(What is needed)
An exact reproduction is required of the lines from the beginning of the entries through the line with "Urban Outfitters White", pictures excluded and nothing added.

(Task input)
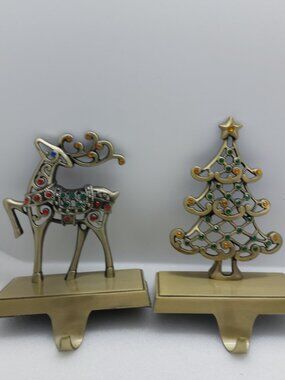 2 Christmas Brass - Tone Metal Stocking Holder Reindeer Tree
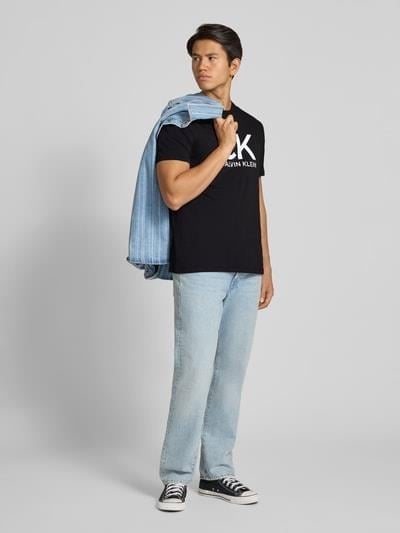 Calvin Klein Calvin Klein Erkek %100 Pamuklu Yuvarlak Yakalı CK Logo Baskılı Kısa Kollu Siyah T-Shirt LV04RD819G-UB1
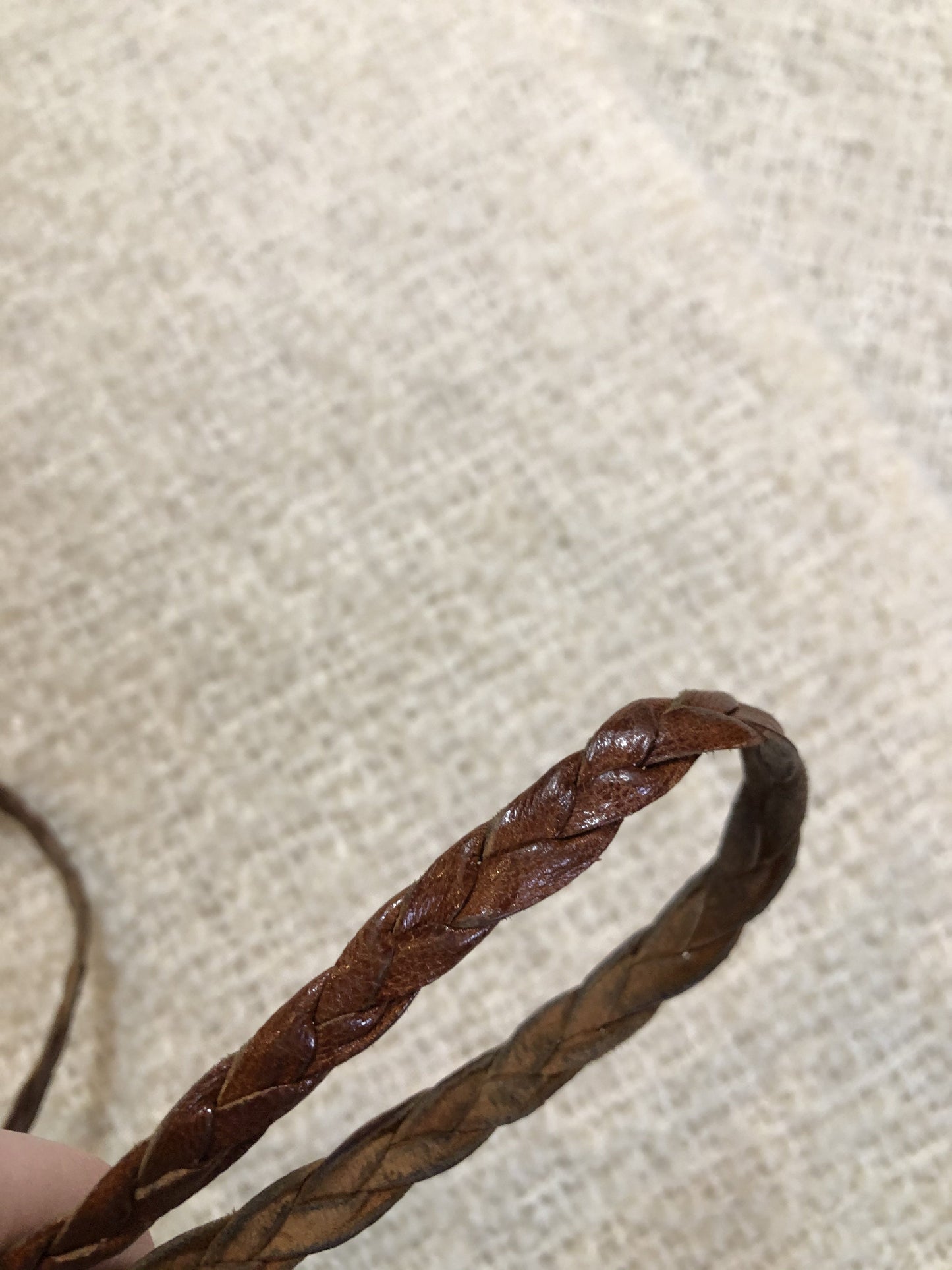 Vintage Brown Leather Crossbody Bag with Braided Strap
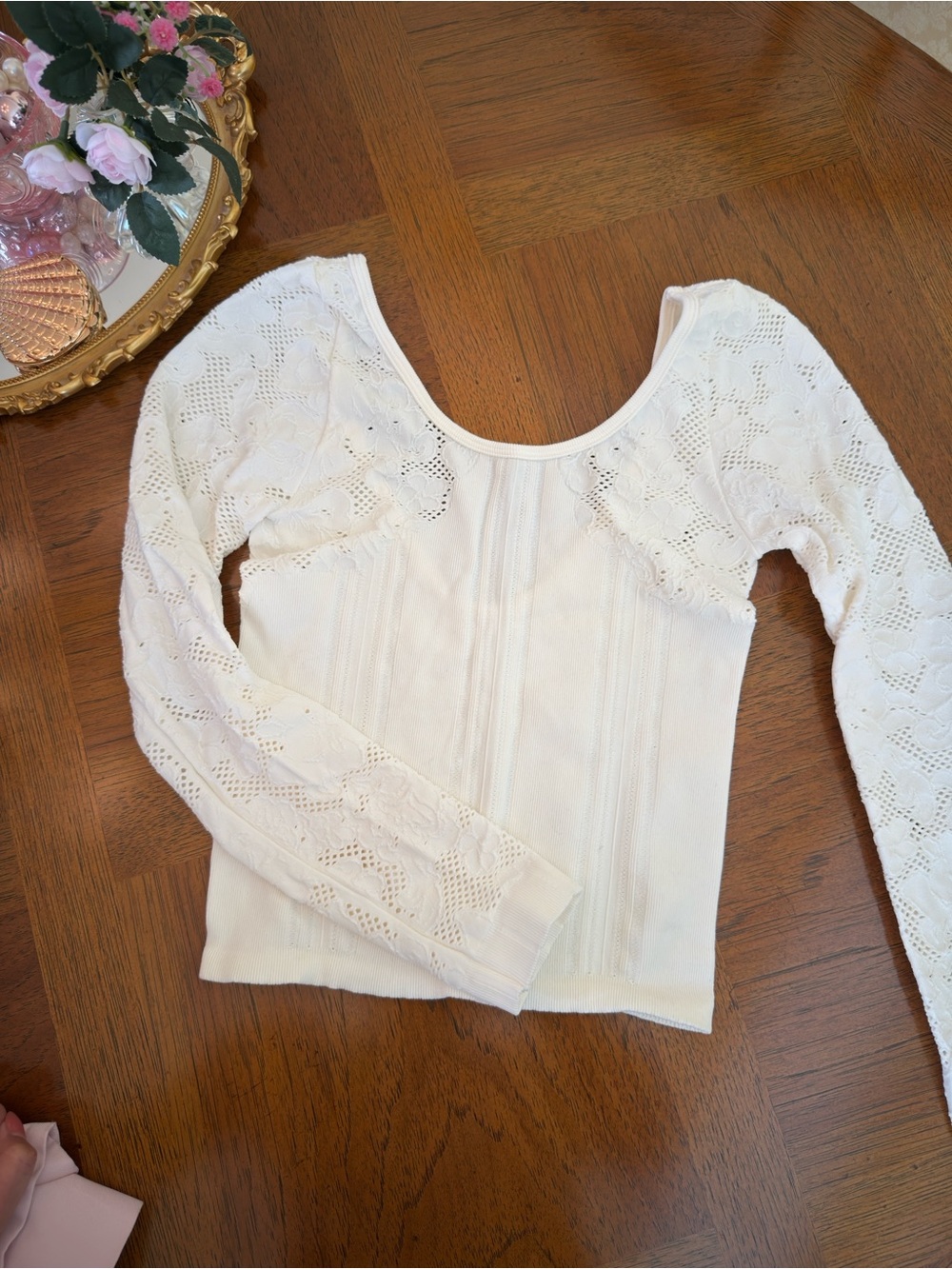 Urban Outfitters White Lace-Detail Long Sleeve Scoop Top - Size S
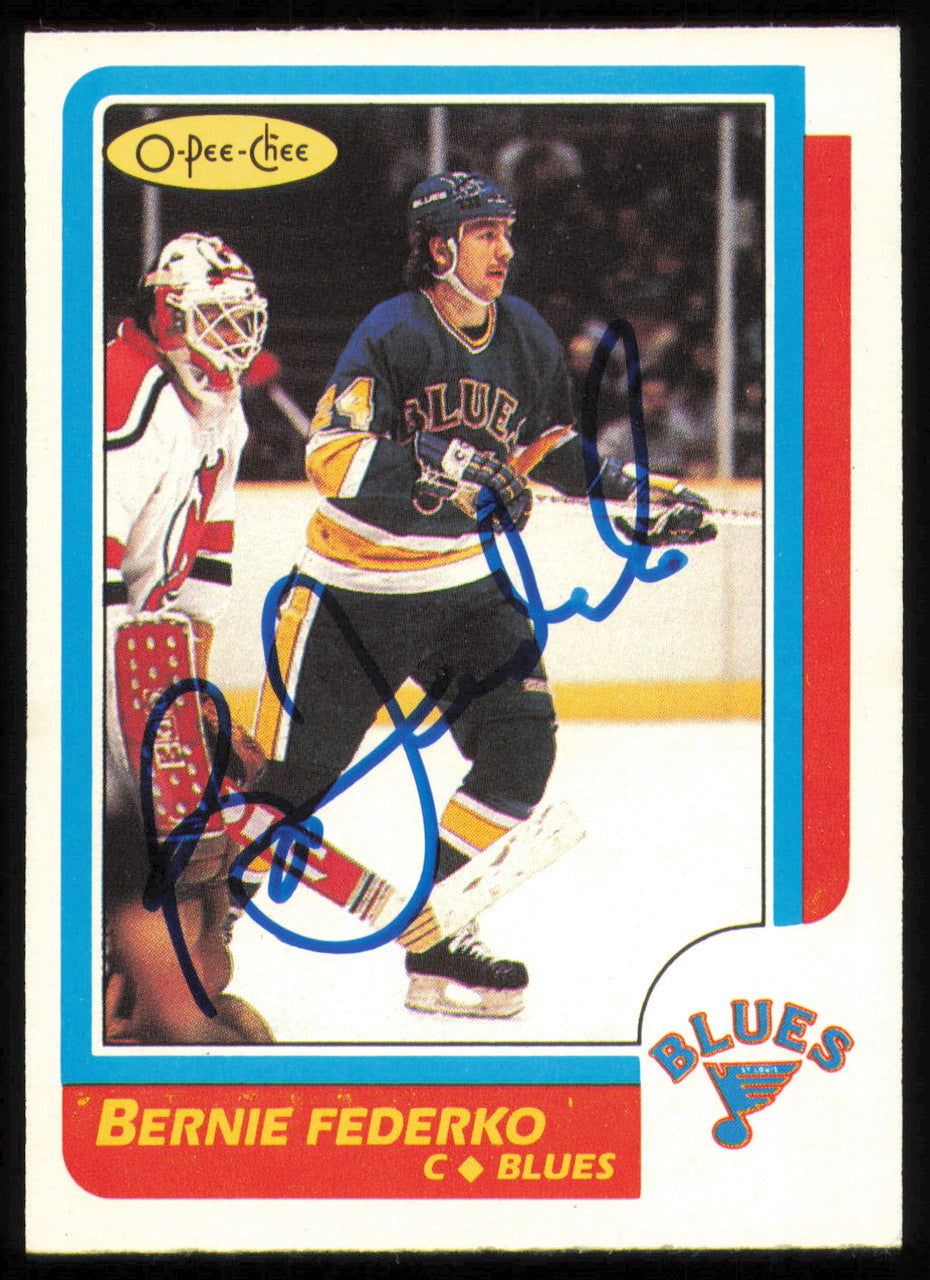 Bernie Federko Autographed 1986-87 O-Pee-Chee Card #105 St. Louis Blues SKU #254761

(Result of the exercise)
 2 Christmas Brass - Tone Metal Stocking Holder Reindeer Tree
 Calvin Klein Calvin Klein Erkek %100 Pamuklu Yuvarlak Yakalı CK Logo Baskılı Kısa Kollu Siyah T-Shirt LV04RD819G-UB1
 Vintage Brown Leather Crossbody Bag with Braided Strap
 Urban Outfitters White Lace-Detail Long Sleeve Scoop Top - Size S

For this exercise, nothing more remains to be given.